Выбрать главу

Венгерский капитан пожал плечами.

— Передал. Еще вчера утром.

— А донесение наружного наблюдения получили?

— Был туман, и «наружники» не смогли вести наблюдение за машиной Деака. Возле Эрда они попросту потеряли его.

Вошел полковник Герман вместе с венгерским офицером. Шимонфи машинально взял под козырек, но затем, поправившись, поднял на немецкий манер вверх руку, слегка вытянув ее вперед и одновременно внимательно разглядывая полковника. Это был плотный мужчина, среднего роста, слегка лысеющий, с продолговатым лисьим лицом и седеющими усиками под курносым носом. За пенсне виднелись прозрачные голубые глаза. Сопровождавший его венгерский офицер, подполковник Карой Мадяри, был полной противоположностью Герману: огромного роста, грузный мужчина в зеленовато-сером мундире, туго натянутом на его огромное тело и готовом вот-вот лопнуть по швам. Он колюче посмотрел из-под густых черных бровей на Шимонфи, но тот выдержал пристальный взгляд нилашистского генштабиста. Мадяри, повернувшись всем корпусом, перевел взгляд на Мольке, когда тот резким, громким голосом начал докладывать:

— Господин полковник, разрешите представить господ офицеров. — Герман сел за письменный стол, кивком головы приглашая и Мадяри тоже сесть. — Золтан Шимонфи, капитан генерального штаба, — продолжал майор. — Хельмут Таубе, лейтенант, офицер абвера с особыми полномочиями. — Для капитана это заявление было, конечно, неожиданным, но, взвесив его за несколько мгновений, он пришел к однозначному выводу о собственном идиотстве, — давно надо было понять, что за птица этот Таубе. И его охватил страх — нет, не за себя, а за Габора Деака.
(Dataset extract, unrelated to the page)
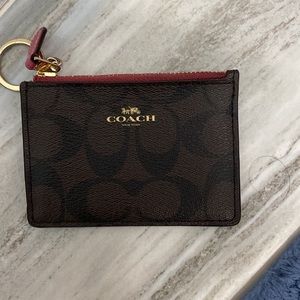Coach mini skinny ID case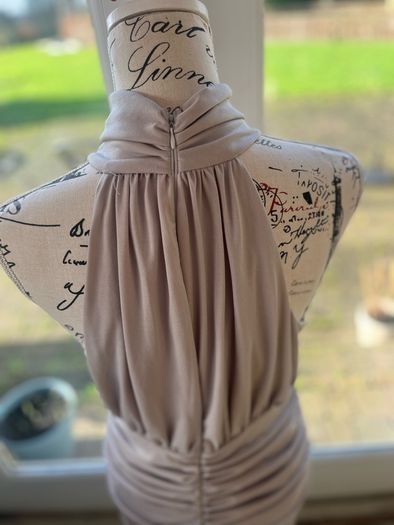 Axa Taupe Dress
Полковник Герман представил прибывшего с ним:

— Подполковник Мадяри, комиссар вождя нации Салаши и офицер связи с будапештским центром гестапо. Садитесь, господа.

Дождавшись, когда офицеры рассядутся, Герман, посмотрев на Мадяри, сказал:

— Пожалуйста, господин подполковник.

У Мадяри был грубый, скрипучий голос. Начал Мадяри с обращения прямо к Шимонфи:

— Господин капитан, сообщаю вам приказ фюрера венгерской нации. — Сделав небольшую паузу, он продолжал: — Ваша группа контрразведки в полном составе прикомандировывается к отделу полковника Германа, занимающегося специальными операциями. Приказ секретный. Вы, господин капитан, номинально остаетесь по-прежнему командиром группы, но будете выполнять все указания господина майора Мольке. Решение вождя нации вступает в силу немедленно. Приказ понятен?

Шимонфи посмотрел на майора Мольке. Бесила злорадная усмешка немца. Он понимал, что его унизили. Собственно говоря, это же настоящая измена Венгрии — хорошо продуманная и организованная измена. Он не станет комедиантом при Мольке, что бы ни случилось.

— Господин подполковник, — сказал он твердо. — Приказ понял. Но прошу освободить меня от командования группой.

В наступившей тишине негромко щелкнула зажигалка Мадяри. Офицеры переглянулись, лицо подполковника перекосила угрожающая ухмылка.

— Причина?

— Для меня указания господина майора Мольке и его методы работы неприемлемы. Я во многом не согласен с господином майором, в том числе, например, с тем, что он завел следственное дело на прапорщика Деака. Равно как с его дальнейшими акциями, запланированными против этого офицера.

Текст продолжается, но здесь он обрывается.